Wednesday, December 08, 2004
Pennsylvania is one of thirteen states that do not limit the amount of money an individual can give to a candidate for state office. Its second largest city, Pittsburgh, also has no limits on the amount of money a person can contribute to a candidate for city office, although that may change under a proposal by Councilman William Peduto.
Peduto has proposed legislation which would institute caps on individual contributions to candidates at $2,000 per four-year election cycle; on contributions by political action committees (PACs) at $4,000 per four-year cycle. The limits would apply to races for mayor, city council, and controller.
$2,000 is still a ton of money for most folks, even spread out over four years. Two grand over four years is better than the current federal limits, established by the 2002 Bipartisan Campaign Reform Act at $2,000 per election, which means $2,000 for the primary and $2,000 for the general election per person, per candidate.
Some pols and reformers would have us think they are doing democracy justice by agreeing to any limit, especially when some folks can afford to give millions of dollars to candidates whom they would like to see in office. "Two grand isn't so bad when you think about what it could be," they say.

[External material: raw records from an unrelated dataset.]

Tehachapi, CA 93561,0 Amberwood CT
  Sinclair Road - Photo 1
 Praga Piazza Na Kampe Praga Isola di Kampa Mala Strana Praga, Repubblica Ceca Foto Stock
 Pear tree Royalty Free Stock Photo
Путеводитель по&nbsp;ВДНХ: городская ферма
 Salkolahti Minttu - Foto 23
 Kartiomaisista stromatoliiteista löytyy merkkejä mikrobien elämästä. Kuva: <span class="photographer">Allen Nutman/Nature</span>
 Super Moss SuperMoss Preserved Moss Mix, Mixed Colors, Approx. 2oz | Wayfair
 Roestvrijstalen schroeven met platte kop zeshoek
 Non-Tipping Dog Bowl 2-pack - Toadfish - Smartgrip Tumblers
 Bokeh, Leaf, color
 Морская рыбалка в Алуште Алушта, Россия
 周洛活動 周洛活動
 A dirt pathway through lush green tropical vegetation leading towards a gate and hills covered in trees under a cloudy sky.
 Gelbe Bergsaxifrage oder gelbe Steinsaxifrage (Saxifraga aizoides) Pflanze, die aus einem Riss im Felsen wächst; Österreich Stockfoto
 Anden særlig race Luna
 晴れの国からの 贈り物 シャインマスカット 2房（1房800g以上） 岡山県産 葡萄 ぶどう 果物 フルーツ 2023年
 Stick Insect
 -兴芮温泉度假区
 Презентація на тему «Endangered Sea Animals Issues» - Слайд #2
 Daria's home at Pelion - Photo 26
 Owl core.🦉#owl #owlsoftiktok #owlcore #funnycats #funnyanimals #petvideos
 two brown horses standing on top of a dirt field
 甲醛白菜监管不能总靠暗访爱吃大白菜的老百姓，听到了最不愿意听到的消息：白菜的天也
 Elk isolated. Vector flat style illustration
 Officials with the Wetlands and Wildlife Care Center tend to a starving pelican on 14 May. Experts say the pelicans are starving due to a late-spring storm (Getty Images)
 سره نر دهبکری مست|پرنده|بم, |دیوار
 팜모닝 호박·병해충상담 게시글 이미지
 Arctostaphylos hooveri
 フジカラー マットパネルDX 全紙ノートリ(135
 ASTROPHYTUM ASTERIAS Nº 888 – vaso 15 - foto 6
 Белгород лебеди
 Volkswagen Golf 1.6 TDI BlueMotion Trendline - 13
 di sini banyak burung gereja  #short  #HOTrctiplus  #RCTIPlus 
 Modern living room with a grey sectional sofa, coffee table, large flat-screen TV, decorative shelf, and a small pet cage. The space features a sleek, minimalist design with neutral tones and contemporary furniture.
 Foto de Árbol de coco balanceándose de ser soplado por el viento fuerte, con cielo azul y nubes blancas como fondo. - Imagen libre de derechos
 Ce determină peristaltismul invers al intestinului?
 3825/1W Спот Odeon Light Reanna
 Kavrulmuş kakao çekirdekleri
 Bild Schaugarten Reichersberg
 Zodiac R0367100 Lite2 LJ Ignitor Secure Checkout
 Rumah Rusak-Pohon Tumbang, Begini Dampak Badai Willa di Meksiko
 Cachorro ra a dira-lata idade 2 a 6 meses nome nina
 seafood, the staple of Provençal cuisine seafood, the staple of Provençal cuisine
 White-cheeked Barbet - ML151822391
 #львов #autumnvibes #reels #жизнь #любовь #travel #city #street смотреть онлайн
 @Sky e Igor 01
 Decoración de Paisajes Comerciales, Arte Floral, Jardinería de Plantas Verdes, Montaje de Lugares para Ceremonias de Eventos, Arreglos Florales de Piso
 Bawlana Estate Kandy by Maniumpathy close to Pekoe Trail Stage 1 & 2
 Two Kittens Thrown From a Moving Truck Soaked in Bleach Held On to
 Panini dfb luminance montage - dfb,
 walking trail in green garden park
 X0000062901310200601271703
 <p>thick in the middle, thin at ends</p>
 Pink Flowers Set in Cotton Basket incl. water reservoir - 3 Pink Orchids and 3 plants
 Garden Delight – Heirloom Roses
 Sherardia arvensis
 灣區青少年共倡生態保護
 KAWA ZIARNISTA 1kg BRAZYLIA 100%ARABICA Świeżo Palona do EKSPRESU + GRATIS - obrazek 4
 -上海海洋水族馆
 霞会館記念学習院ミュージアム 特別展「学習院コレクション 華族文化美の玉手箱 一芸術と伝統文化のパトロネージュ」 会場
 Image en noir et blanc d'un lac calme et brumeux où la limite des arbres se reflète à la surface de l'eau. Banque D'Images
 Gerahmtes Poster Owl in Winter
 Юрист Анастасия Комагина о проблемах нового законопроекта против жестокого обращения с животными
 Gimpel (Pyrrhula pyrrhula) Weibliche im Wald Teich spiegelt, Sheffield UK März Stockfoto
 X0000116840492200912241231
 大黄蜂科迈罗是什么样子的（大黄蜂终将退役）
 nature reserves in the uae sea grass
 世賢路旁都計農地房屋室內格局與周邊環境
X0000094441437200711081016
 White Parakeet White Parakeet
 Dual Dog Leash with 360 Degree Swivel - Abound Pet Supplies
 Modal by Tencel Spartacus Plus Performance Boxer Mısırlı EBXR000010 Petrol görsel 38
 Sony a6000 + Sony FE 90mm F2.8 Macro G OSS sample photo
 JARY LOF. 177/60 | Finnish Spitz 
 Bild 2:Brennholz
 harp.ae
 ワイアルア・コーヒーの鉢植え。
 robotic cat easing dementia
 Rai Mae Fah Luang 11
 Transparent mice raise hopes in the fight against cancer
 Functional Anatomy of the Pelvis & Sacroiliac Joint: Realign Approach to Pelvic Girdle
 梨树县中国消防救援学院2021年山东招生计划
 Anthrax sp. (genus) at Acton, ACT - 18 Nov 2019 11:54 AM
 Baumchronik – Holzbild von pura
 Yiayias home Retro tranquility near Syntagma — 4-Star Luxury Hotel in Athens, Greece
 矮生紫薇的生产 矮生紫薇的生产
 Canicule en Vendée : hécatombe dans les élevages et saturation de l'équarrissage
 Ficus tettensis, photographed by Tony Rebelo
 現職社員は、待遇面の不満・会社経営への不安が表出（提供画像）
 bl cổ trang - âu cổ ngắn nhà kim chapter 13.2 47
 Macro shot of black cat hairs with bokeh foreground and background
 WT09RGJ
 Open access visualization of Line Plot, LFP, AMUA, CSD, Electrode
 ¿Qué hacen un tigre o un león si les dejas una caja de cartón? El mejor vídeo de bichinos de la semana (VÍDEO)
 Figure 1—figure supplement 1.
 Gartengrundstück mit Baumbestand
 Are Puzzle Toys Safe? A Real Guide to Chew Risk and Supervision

This argument is disingenuous, to say the least. With $2,000 limits, a small number of wealthy people are still able to provide the same kind of support that a much larger number of regular folks can. The candidates that run for office are thereby heavily skewed towards representing the interests of the wealthy few.
So it is not clear that Pittsburgh's proposed limits will do much beyond leveling the playing field for rich folks against super-rich folks. It doesn't mean that limits won't work; rather that for limits to be effective, they must take into consideration the ability of average Americans to give.
Taking into consideration all the national, state, and local races you would like to have some say in, how much can you afford?
That limits are under discussion does show some evidence that people are recognizing the need to level the playing field in our democracy, so that our elections are contests of ideas and talents, not wallets and bank accounts.